A possible bid by Pan Am Corp. for the parent of Northwest Airlines was thrown into question Wednesday when it was learned that the wealthy Bass brothers of Ft. Worth aren't actively involved.
Billionaires Sid and Lee Bass are merely passive investors in the Airlie Group L.P., a 5-year-old partnership that invests mostly in high-yield, high-risk bonds, but has also acquired stakes in selected companies, including Terex Corp. A Pan Am spokeswoman acknowledged the brothers only learned of their involvement in a possible Pan Am bid after it was announced at the company's annual meeting in Washington on Tuesday.
The passive nature of the Bass investment raised questions about the strength of a possible Pan Am bid, since the brothers, veterans of many takeover battles, brought substantial credibility to a potential Pan Am deal.
"I would say that if the Basses aren't interested, the deal won't work," said Daniel A. Hersh, an airline industry analyst with Bateman Eichler, Hill Richards in Los Angeles.

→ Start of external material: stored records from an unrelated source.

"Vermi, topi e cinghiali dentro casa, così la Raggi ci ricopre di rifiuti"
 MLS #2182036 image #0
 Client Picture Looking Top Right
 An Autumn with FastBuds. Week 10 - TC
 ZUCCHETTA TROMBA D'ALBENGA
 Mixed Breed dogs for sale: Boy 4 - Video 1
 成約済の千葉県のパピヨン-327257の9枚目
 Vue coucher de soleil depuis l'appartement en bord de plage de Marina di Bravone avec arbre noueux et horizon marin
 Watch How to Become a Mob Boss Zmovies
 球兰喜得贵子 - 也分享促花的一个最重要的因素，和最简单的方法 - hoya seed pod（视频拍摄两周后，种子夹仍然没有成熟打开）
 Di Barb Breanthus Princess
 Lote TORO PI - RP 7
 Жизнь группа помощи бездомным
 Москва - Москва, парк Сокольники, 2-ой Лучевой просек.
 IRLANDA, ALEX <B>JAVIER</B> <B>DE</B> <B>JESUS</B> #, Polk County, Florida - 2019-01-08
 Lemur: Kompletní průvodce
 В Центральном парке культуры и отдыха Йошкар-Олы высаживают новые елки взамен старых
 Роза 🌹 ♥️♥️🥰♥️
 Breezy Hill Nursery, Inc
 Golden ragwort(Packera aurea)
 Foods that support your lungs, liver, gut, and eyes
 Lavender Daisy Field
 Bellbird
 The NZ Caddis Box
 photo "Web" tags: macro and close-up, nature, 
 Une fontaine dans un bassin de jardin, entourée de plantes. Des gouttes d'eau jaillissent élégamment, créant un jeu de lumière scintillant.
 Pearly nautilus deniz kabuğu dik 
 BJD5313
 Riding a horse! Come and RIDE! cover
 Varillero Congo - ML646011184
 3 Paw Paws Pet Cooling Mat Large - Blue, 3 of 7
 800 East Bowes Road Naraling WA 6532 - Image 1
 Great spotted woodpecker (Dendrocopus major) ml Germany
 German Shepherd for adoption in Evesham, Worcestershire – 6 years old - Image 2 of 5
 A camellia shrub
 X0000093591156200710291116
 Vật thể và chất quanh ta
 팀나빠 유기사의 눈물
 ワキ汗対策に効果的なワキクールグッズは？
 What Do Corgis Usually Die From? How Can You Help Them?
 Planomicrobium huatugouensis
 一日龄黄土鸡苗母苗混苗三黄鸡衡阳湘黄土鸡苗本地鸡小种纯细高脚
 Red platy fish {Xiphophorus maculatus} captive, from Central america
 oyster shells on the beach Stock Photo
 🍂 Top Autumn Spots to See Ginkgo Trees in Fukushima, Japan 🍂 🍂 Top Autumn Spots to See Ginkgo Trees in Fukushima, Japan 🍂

In a bizarre twist, Pan Am said Los Angeles financier Alfred A. Checchi is also a passive investor in the Airlie Group. Checchi is weighing making his own bid for the airline, with backing from Bankers Trust and Elders IXL, an Australian conglomerate. Checchi, a former executive with Marriott Corp., was a financial adviser to the Bass brothers around the time the Airlie Group was formed.
Checchi refused comment on Wednesday, and the Bass brothers couldn't be reached.
The largest member of the Airlie Group is the Equitable Life Assurance Society of the United States, which was also said to have learned of its involvement in the Pan Am deal on Tuesday.
It couldn't be learned whether the surprised members of the Airlie Group would attempt to force the partnership to pull out of the Pan Am deal. A Pan Am spokeswoman said the firm had no direct contact with any passive investors in the Airlie Group.
Although Airlie has assets of about $1 billion, most of its money is said to be invested in "junk bonds" and consequently it isn't clear how much would be immediately available for a Northwest takeover.
Most of the financing for a Pan Am bid would be raised by Prudential-Bache Securities, with some of the funding coming from its parent, Prudential Insurance Co. Thomas Fowler, president of Prudential-Bache Capital Funding, the unit that is putting together the funding package, couldn't be reached for comment.
Pan Am, a money-losing airline with a strong Atlantic route system, said Tuesday that it was considering a bid for NWA Inc., the parent of Northwest. The airline had been a takeover target since March, when Los Angeles billionaire Marvin Davis launched a $2.7-billion bid for the airline. His bid was rejected by NWA's board, which then announced it would consider all offers for the airline.